Oltre che dalla devastazione di Gaza, le persone per bene nel mondo, inclusi molti israeliani, sono state profondamente turbate dalle violazioni quotidiane della dignità umana e della libertà di movimento a cui i palestinesi sono soggetti ai check-point e ai blocchi stradali. E le politiche israeliane di occupazione illegale e la costruzione di una zona cuscinetto di insediamenti su terre occupate aggravano le difficoltà di ottenere in futuro un accordo che sia accettabile per tutti.
Lo Stato di Israele si sta comportando come se non ci fosse un domani. Il suo popolo non vivrà vita pacifica e sicura che desidera – e a cui ha diritto. Perché i suoi leader perpetuano le condizioni che sostengono il conflitto.
Ho condannato quelli che in Palestina sono responsabili del lancio di missili e razzi su Israele. Stanno gettando benzina sulle fiamme dell’odio. Mi oppongo a tutte le manifestazioni di violenza. Ma dobbiamo essere molto chiari su un punto: il popolo palestinese ha diritto di lottare per la sua libertà e dignità. È una lotta che ha il sostegno di molti in tutto il mondo.
Non esistono problemi creati dall’uomo che non siano affrontabili quando gli esseri umani mettono insieme le loro intelligenze con il desiderio sincero di superarli. La pace richiede che i popoli di Israele e di Palestina riconoscano l’essere umano in loro stessi e nell’altro per capire la loro interdipendenza.
Missili, bombe e rozze invettive non sono parte della soluzione. Non esiste una soluzione militare. La soluzione è più facile che arrivi dalla scatola degli attrezzi non violenti che abbiamo sviluppato in Sud Africa negli anni Ottanta, che persuada il governo della necessità di cambiare le sue politiche. La ragione di questi strumenti – boicottaggio, sanzioni e disinvestimenti – che si sono rivelati di comprovata efficacia, era che essi avevano il supporto di una massa critica, sia interna che esterna al Paese.
Il tipo di supporto di cui siamo stati testimoni intorno al mondo, nelle settimane recenti, nei confronti della Palestina.

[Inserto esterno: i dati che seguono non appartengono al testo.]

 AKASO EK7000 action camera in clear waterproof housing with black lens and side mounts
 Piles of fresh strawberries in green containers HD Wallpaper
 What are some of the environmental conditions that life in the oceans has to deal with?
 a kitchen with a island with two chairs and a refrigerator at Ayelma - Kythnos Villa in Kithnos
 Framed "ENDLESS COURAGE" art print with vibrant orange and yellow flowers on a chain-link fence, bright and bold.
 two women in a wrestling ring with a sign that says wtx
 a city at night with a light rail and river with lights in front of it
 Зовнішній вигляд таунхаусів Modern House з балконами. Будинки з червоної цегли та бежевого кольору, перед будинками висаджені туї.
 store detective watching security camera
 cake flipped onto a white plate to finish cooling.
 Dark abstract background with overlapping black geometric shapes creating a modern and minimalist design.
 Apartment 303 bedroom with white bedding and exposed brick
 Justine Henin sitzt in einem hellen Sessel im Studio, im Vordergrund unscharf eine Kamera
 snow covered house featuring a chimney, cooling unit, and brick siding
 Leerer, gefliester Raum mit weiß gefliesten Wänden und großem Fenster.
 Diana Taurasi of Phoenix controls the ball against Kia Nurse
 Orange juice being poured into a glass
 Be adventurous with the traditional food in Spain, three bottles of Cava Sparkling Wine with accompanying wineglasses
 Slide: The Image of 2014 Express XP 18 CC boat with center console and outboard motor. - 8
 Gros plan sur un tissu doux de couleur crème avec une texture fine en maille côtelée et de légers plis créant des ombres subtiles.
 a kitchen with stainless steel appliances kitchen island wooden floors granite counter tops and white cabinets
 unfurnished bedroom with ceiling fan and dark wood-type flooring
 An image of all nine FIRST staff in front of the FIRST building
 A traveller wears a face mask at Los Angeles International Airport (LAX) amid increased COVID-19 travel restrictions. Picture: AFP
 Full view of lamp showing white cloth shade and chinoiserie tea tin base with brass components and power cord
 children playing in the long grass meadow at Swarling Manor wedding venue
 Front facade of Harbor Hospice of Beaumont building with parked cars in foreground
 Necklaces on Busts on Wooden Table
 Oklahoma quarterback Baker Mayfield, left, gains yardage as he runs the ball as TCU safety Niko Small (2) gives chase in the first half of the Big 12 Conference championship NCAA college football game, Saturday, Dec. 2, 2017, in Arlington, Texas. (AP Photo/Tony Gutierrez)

Il mio appello al popolo di Israele è di guardare al di là del momento. Vedere oltre la rabbia e al sentirsi perpetuamente sotto assedio, vedere un mondo nel quale Israele e Palestina possano coesistere, un mondo dove regnino dignità e rispetto. Ciò richiede il rovesciamento di un atteggiamento mentale. Un atteggiamento mentale che riconosca che il tentativo di perpetuare lo status quo equivale a condannare le future generazioni alla violenza e all’ insicurezza. Un atteggiamento mentale che metta fine, per quanto concerne le critiche legittime alla politica statale, a quell’atteggiamento che le considera come un attacco al giudaismo. Un cambiamento di atteggiamento mentale che inizia in casa e matura nelle comunità, nazioni, regioni, fino alla Diaspora sparsa per il mondo che condividiamo. L’unico mondo che condividiamo. I popoli uniti dal perseguimento di una giusta causa sono invincibili. Dio non interferisce negli affari del popolo, spera che cresceremo imparando a risolvere le nostre difficoltà e differenze da soli. Ma Dio non dorme. Le scritture ebraiche ci dicono che Dio ha propensione per il debole e lo spossessato, la vedova, l’orfano, l’alieno che libera gli schiavi in un esodo verso la Terra Promessa. Fu il profeta Amos che disse che dovremmo lasciare fluire la rettitudine come un fiume.
Il bene alla fine prevale. Il perseguimento della libertà per il popolo di Palestina dalle umiliazioni e persecuzioni delle politiche di Israele è una giusta causa. È una causa che il popolo di Israele dovrebbe sostenere.
È noto che Nelson Mandela affermava che non si sarebbe sentito libero finché la Palestina non fosse stata libera. Egli avrebbe potuto aggiungere che la liberazione della Palestina avrebbe liberato anche Israele.